Later in the documentary, Fiennes' co-star Gerard Butler - whose association with a Shakespeare adaptation is almost as unlikely as Will Young's - tries to steal the Leave Right Now singer's thunder by recounting an unbelievably shit practical joke that he got someone else to play on a fellow actor, but we're not fooled. This isn't your party Butler, this is Will Young's party. Perhaps inspired by the bearded Scottish man's tomfoolery, Will later tries to get each interviewee to say something nasty about Ralph Fiennes, but to no avail. Eventually Production Designer Ricky Eyres ("aka Rick", Will says, doing finger-quotes around 'Rick' as if it's the maddest variant of 'Ricky' he's ever come across) capitulates, unconvincingly describing Fiennes as "murder", and Will's pleasure at pulling off this mischief is palpable.

Another trivia nugget that goes unmentioned is that Will had a cameo in the film which was cut for reasons which may or may not be quite obvious. Referring to himself in the third person in another interview I had to find myself, Will says: "There were all these acting greats, and then Will Young pops up to say a few lines. It just didn't work." Is he being too hard on himself? Difficult to say, but bear Will Young's assessment of Will Young in mind as you watch the clip below, which is my absolute favourite moment in the documentary: an utterly astonishing vignette, which is neither introduced nor explained. It is simply allowed to exist in the middle of a documentary about Ralph Fiennes' brutal, brooding adaptation of William Shakespeare's politically-charged play Coriolanus.

I urge you to watch that as many times as possible to truly appreciate it to its fullest.

There's plenty more to enjoy in Behind The Scenes Of Coriolanus With Will Young, but I've given enough away for free as it is.

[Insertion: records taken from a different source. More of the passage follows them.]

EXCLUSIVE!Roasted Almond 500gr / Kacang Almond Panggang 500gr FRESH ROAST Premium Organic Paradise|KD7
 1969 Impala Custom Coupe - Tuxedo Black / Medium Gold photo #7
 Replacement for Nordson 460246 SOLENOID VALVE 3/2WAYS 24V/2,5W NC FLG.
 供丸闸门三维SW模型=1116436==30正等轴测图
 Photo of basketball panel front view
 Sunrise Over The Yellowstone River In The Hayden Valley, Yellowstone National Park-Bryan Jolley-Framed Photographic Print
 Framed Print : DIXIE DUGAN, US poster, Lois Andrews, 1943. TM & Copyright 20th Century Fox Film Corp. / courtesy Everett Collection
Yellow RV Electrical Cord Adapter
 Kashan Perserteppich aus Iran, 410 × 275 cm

As far as I can tell you can't stream it, so you're just going to have to invest in an actual hard copy of the film if you want to bask in its oddness. It might be a complete and total mismatch of presenter and subject matter, but I have nothing but respect for Will Young for financing a perfectly good movie, making a short film about it and - perhaps above all - resisting the urge to lean into camera and, with a cheeky grin, chuckle about the film's title containing the word "anus".